### [DATASET EXCERPT]

******************************

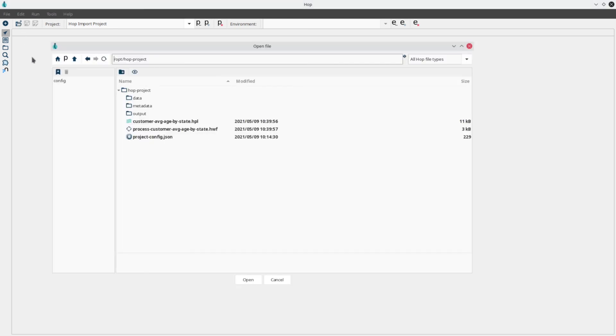Finally, let's verify everything is working correctly. Open the file dialog, and you'll see the workflow and pipeline that were created from our job and transformation. You'll also notice a new project config.json file is available for the Hop project that was created by the importer.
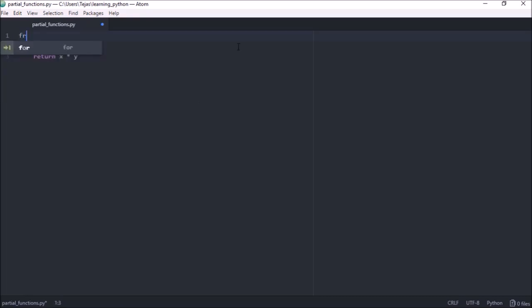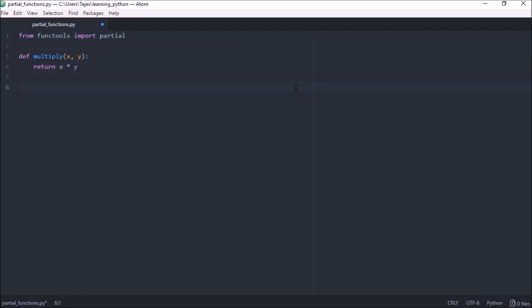So Python comes with a module called functools, and one function it provides is the partial function. So let's use the partial function to create our function double instead of defining a completely new function.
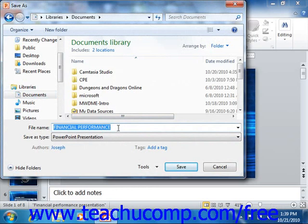PowerPoint will not let you use the following symbols in a file name: the colon, the forward slash, the back slash, the greater than sign, the less than sign, the asterisk, double quotes, or the pipe symbol.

******************************

### [TASK INSTRUCTIONS]
Reproduce the material above in full and without alteration, but skip all pictures.

### [TASK OUTPUT]
Finally, let's verify everything is working correctly. Open the file dialog, and you'll see the workflow and pipeline that were created from our job and transformation. You'll also notice a new project config.json file is available for the Hop project that was created by the importer.
So Python comes with a module called functools, and one function it provides is the partial function. So let's use the partial function to create our function double instead of defining a completely new function.
PowerPoint will not let you use the following symbols in a file name: the colon, the forward slash, the back slash, the greater than sign, the less than sign, the asterisk, double quotes, or the pipe symbol.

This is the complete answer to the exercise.